Unlike fixed yield products (think things like bonds and CDs), APRs for DeFi investments (like staking and liquidity providing) are likely to change over time. This is because your returns on DeFi investments are dynamically calculated to ensure fair distribution to all participants. For example, in the DeFi Land staking pool, your share of the fixed emissions is proportional to your weight in the staking pool divided by the Total Value Locked in the staking pool. If a large investor removes their position from the staking pool, your percent share of the staking pool will increase and your APR will increase.
Be smart when chasing APY in DeFi. Protocols will lure users in with high APY, but it is important to remember to only put your hard-earned tokens into projects you understand. You’ll notice that higher APY generally correlates with higher risk and volatility. The APY for stablecoins and bluechips is typically low, while the APY for risky lending platforms is high. Here are some questions you should ask and red flags you should consider:
  • Do I understand the project? If you don’t understand what you are investing in, don’t even touch it. Instead, continue your learning journey!
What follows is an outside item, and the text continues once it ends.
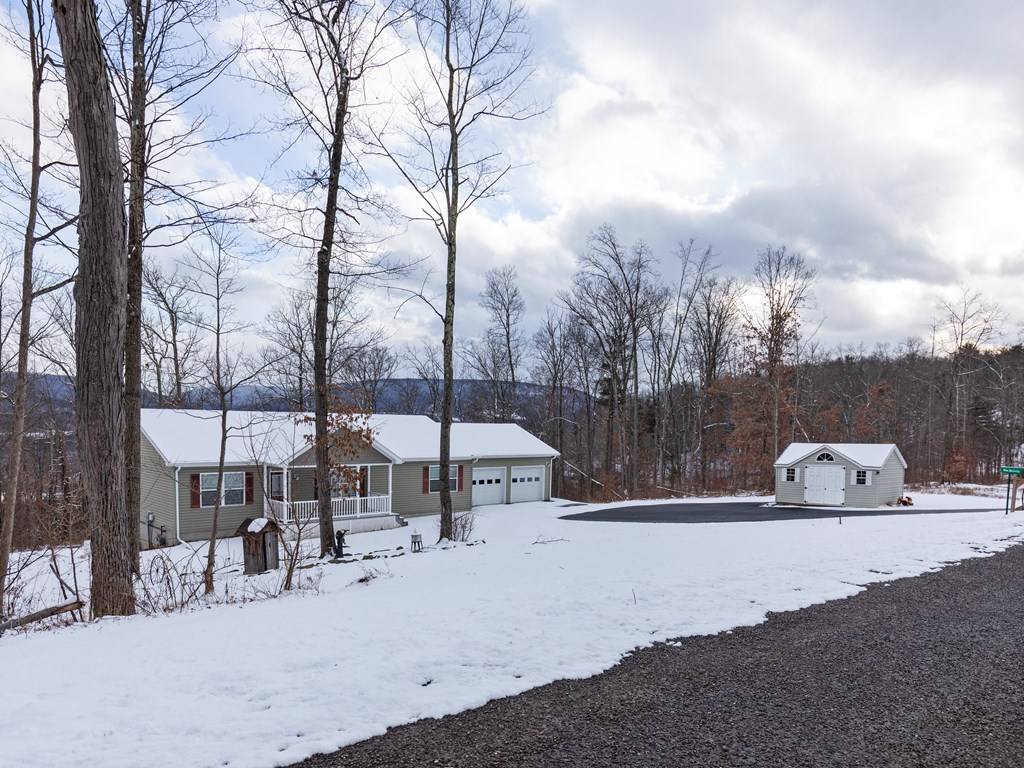Towanda, PA 18848,Lot 16 Hemlock Hills Rd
  • Does a 1000% APY mean my investment is going to be worth 10x after a year? No. Protocols usually take a 7-day or 24-hour average to estimate APY. The APY could dramatically change very quickly. Additionally, if you are seeing an extremely high APY, you are likely looking at an investment that involves significant risk. The advertised APY does not account for price changes in the underlying investment or rewards.
  • What is the currency for the rewards? A protocol might offer high APY but the payout is in a random token that is printed to generate the rewards. These are often called “reward tokens” and have no enduring value.